That's a great input, I will keep this use-case in mind. I think for now it's fine to continue using a configuration file, and if we move to DB-configuration then we should look into having a file representation anyway to support this use-case (e.g. exporting the settings to a toml file, and being able to restore them)

Sounds good, thanks!

magula avatar Feb 04 '23 20:02 magula

I removed the section headers (or table headers, as TOML calls it) in the last commit, so the structure is as before.

However, there seems to be no (legible) way to structure core_services and other_services if not as tables, because inline tables can not contain newlines. This is a problem because the top-level table ends with the first table, so nothing after that could be top-level again. Thus I moved these to the end of the TOML file in the last commit. They are now the only parts contained in a table, and they have to be at the end of the file, which seems unelegant.
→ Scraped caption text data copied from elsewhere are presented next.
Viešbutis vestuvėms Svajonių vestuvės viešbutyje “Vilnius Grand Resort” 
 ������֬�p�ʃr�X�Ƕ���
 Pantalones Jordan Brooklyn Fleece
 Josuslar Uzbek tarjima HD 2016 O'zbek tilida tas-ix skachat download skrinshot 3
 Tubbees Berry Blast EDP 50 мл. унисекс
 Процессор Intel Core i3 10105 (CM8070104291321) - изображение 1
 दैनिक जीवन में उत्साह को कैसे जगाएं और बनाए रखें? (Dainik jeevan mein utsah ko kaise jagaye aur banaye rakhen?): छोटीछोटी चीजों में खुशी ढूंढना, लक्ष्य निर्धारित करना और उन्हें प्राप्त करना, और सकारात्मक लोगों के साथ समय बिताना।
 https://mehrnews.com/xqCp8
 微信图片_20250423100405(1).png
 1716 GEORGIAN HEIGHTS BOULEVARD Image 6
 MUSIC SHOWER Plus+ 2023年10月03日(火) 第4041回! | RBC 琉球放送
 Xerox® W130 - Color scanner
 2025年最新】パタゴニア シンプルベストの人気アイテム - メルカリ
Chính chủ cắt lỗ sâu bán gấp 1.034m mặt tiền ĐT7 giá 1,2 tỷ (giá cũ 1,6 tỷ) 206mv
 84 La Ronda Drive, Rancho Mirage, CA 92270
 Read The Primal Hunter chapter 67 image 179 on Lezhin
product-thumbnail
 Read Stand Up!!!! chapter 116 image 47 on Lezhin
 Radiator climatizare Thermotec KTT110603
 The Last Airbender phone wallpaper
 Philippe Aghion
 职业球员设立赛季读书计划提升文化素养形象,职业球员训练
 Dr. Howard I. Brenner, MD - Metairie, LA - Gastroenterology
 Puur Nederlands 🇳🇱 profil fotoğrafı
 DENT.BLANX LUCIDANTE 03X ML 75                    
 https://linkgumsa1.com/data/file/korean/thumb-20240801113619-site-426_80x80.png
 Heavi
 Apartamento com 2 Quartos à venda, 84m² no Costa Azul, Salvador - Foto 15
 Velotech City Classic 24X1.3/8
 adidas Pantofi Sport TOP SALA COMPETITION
Do you see a better way to do this?

magula avatar Feb 09 '23 19:02 magula

Now that we have pytest as test runner, adding tests should be easier so it would be nice to add a few tests, for example:

  • a test to make sure that the values from the TOML / JSON file indeed are reflected in the config object
  • a test to verify the logic of choosing TOML over JSON when available, and falling back to JSON when not available

Let me know if you would be down to add these, if not I can try to spend some time on it when I get free.

wil93 avatar Jan 18 '24 23:01 wil93